The method improves the defects of the existing detection method, and when the performance of the substrate is reduced, the method can judge whether the ultrapure water for cleaning the silicon wafer pollutes the silicon wafer, can directly judge whether the reason for reducing the performance of the substrate is caused by the ultrapure water for cleaning the silicon wafer, and can quickly search the reason for reducing the performance of the substrate.
And the method can determine the relative influence of the metal ions in the ultrapure water on the increase or decrease of the metal content on the surface of the silicon wafer.
The method can detect whether the content of metal ions in the ultrapure water for cleaning the silicon wafer influences the performance of the silicon wafer, namely whether the ultrapure water can continuously clean the silicon wafer. For example, when a silicon wafer is washed with ultrapure water for a certain period of time, the metal ion content in the ultrapure water is unknown. The method of the invention is used for detecting the ultrapure water after a period of time, can directly measure the metal ion content in the ultrapure water enriched on the surface of the silicon wafer, determine whether the ultrapure water can be continuously used for cleaning the silicon wafer, and determine whether the ultrapure water can influence the performance of the silicon wafer. When the content of the detected at least one metal ion is greater than or equal to the lower limit value of metal pollution, the content of the metal ion in the ultrapure water can affect the performance of the silicon wafer, and the ultrapure water cannot be used for cleaning the silicon wafer continuously.

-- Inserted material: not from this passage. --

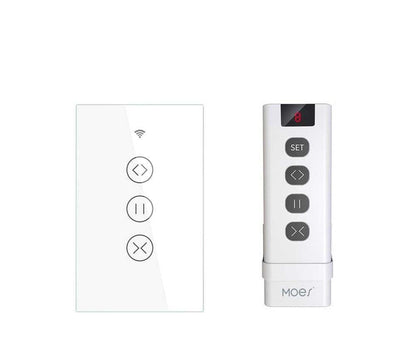 ZigBee RF433 Smart Curtain Blinds Shutter Touch Switch Multi-control Neutral Wire Required US - MOES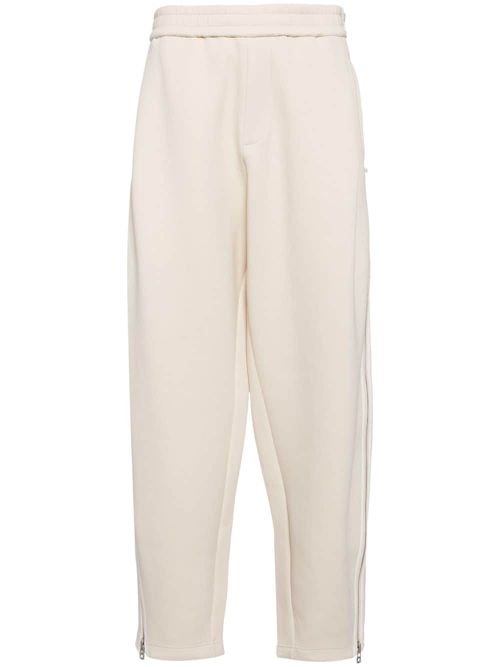 Side-zip track pants - Neutrals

In the description herein, references to the terms "one embodiment," "another embodiment," "yet another embodiment," "an example," "another example," etc., mean that a particular feature, structure, material, or characteristic described in connection with the embodiment is included in at least one embodiment of the invention. In this specification, the schematic representations of the terms used above are not necessarily intended to refer to the same embodiment or example. Furthermore, the particular features, structures, materials, or characteristics described may be combined in any suitable manner in any one or more embodiments or examples. Furthermore, various embodiments or examples and features of different embodiments or examples described in this specification can be combined and combined by one skilled in the art without contradiction.

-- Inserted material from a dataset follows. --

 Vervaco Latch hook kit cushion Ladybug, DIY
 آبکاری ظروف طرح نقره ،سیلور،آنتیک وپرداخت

Although embodiments of the present invention have been shown and described above, it is understood that the above embodiments are exemplary and should not be construed as limiting the present invention, and that variations, modifications, substitutions and alterations can be made to the above embodiments by those of ordinary skill in the art within the scope of the present invention.